In today's edition:
* Ed Left of Airlock Alpha on what happened to the reruns of classic science fiction shows that were once on basic cable (e.g. on the Sci-Fi Channel, where science fiction is rarer than it once was). Inevitably, this discussion touched on the tendency of channels to stray from their original, core programming (a point also touched on by CNN's Breeana Hare in "Who Killed the Music Video?").
The point Left makes is the obvious one, which I've written about before at length, namely that cable channels have shifted from being niche markets to trying to snap up the biggest slices of the viewing pie they obviously can-while the niche stuff ends up on the web.
* Time Magazine's "10 Ideas for the Next 10 Years," a bit of pop futurism that I found trite for the most part, but which included an interesting piece by Michael Lind on "The Boring Age"-in which our technohype is put into perspective and the future is made out to be less futuristic than anticipated.
Lind offers a nice round-up of the arguments that we are not, after all, living in an age of runaway, breakneck technological change.

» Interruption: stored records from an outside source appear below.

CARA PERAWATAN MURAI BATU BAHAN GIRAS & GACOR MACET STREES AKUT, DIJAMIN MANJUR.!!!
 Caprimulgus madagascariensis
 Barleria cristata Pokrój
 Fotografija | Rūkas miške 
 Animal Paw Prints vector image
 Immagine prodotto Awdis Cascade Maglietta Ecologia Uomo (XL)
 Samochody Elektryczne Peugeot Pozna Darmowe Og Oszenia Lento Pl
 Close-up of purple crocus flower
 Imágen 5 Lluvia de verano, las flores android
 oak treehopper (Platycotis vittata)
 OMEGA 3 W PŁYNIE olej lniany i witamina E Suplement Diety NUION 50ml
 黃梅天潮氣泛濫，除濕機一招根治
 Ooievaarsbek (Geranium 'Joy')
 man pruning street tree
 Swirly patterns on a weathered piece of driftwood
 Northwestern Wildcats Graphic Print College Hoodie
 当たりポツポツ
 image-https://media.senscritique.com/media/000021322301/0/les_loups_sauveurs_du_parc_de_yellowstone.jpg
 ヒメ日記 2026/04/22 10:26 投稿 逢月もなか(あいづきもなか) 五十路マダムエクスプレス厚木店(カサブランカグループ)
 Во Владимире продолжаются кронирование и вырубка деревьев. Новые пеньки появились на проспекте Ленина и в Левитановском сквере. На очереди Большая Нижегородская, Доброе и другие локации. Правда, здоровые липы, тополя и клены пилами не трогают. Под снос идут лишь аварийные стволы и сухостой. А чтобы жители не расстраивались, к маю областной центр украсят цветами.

I'm not sure I agree with all his conclusions-for instance, I have a hard time picturing fossil fuels as still dominating our energy portfolio in any version of 2050 that's actually viable-but on the whole, he presents the point well. In fact, I found myself wondering if we are approaching the moment at which the cyberpunk/post-cyberpunk/Singularitarian images of tomorrowland are already as obsolete and retro as William Gibson made visions of flying cars appear in "The Gernsback Continuum"-or are even looking at that moment in our rear-view mirrors.
* Ken MacLeod's call "For Stranger Maps," a lengthier-than-usual blog post from the author (which has also resulted in a longer-than-usual string of comments) in which he writes about the over-simplicity of far too many fictional worlds based on the ancient or Medieval worlds-certainly in comparison with the real thing. (One thing that always catches my attention reading history from those eras is how complex governance was-the division of powers and functions among differing entities, and in cases, how modern the concerns of their governments often seemed to be. Who pictures a fifteenth century ruler worrying about monetary policy, for instance? Yet they certainly did so.)
* At Tor.com, Jo Walton writes about "Why Reviewers Don't Often Say 'This Sucks,'" while Genevieve Valentine offers a list of upcoming genre film sequels (along with assorted snarky comments).
* Jonathan McCalmont at Ruthless Culture in the first of a multi-part examination of Gene Wolfe's classic Book of the New Sun cycle, the present piece discussing 1980's The Shadow of the Torturer-which, I am pleased to see, offers more substance in its assessment than just about any other critical take of those books I've seen.